Combine the expressions

We need to ensure that the exponents of both summations match so that we can combine these series. In the first summation, we substitute \((n-2)\) with \(m\) (where \(m = n-2\)). Then \(n=m+2\).

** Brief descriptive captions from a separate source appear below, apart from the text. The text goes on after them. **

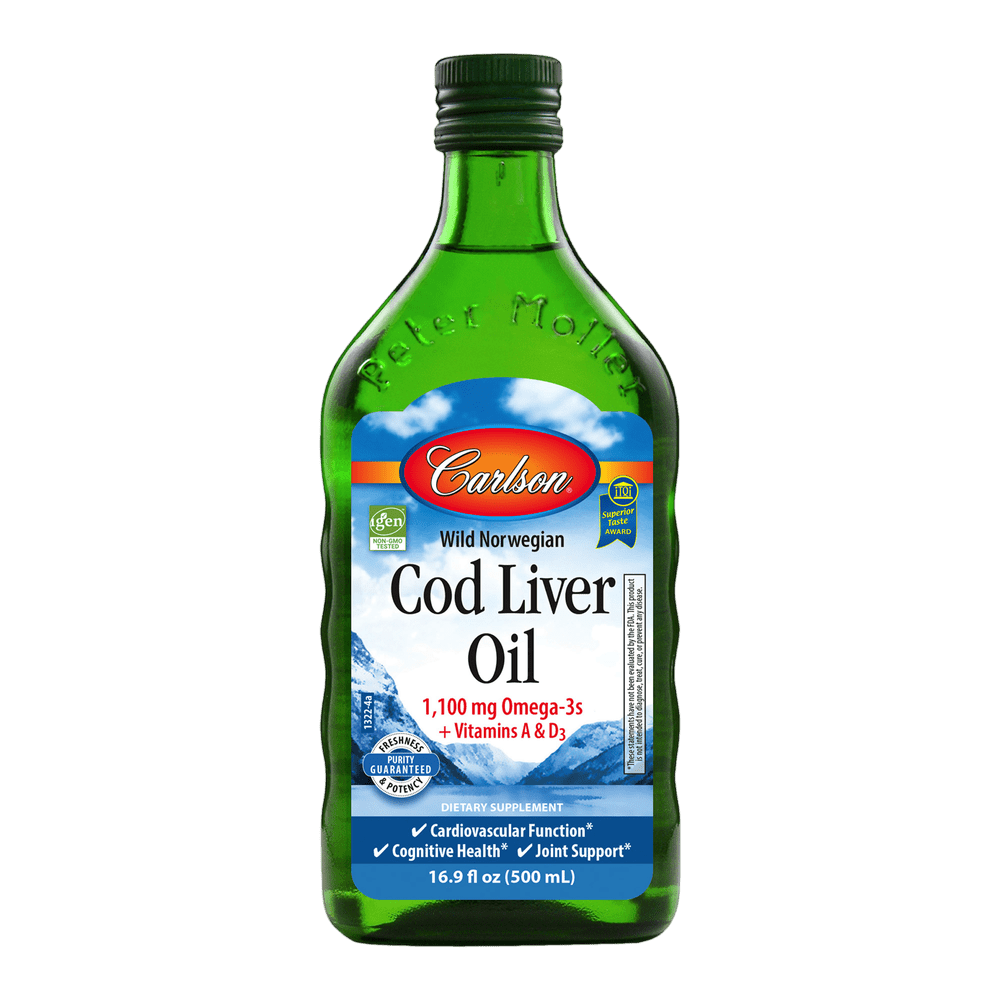 Carlson Cod Liver Oil 16.9 oz (Unflavored) - Wholistic Nutrition-Default-Carlson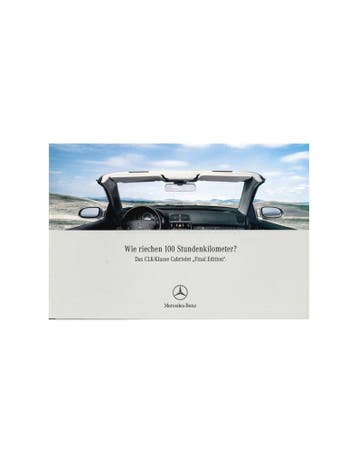 2002 MERCEDES BENZ CLK CABRIO FINAL EDITION DUITS, Nieuw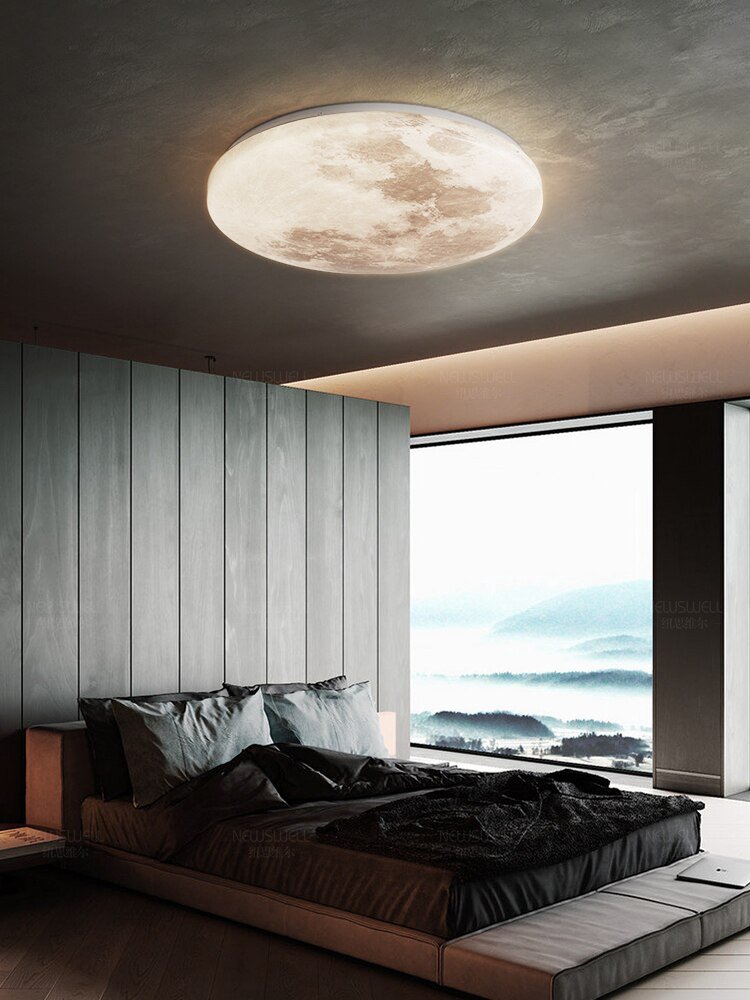 Nordic moon ceiling lamp study bedroom lamp modern minimalist aisle ceiling light 3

Rewrite the first summation with the appropriate substitutions: $$ x \sum_{n=2}^{\infty} n(n-1) a_{n} x^{n-2} = x \sum_{m=0}^{\infty} (m+2)(m+1) a_{m+2} x^{m} $$ Now both summations are in terms of \(x^m\).

Combine both sums

Rewrite the expression combining both sums: $$ S(x) = x \sum_{m=0}^{\infty} (m+2)(m+1) a_{m+2} x^{m}+\sum_{m=0}^{\infty} a_{m} x^{m} $$

Factor out the common \(x^m\) term

Factor out the common \(x^m\) term and rewrite the expression as one summation: $$ S(x) = \sum_{m=0}^{\infty} [(m+2)(m+1) a_{m+2} x^{m+1} + a_m x^{m}] $$

Rewrite as a generic term \(x^n\)

Since the exponent \(m+1\) in the first part of the summation ranges from \(1\) to \(\infty\), we can rewrite the series with \(n\) as the exponent: $$ S(x) = \sum_{n=0}^{\infty} [(n-1)n a_n x^{n} + a_n x^{n}] $$

Group the coefficients of \(x^n\)

To achieve the final form, we need to group the coefficients of \(x^n\). Combine terms with \(a_n\): $$ S(x) = \sum_{n=0}^{\infty} a_n [(n-1)n x^{n} + x^{n}] $$ Therefore, the expression has been rewritten as a sum whose generic term involves \(x^n\).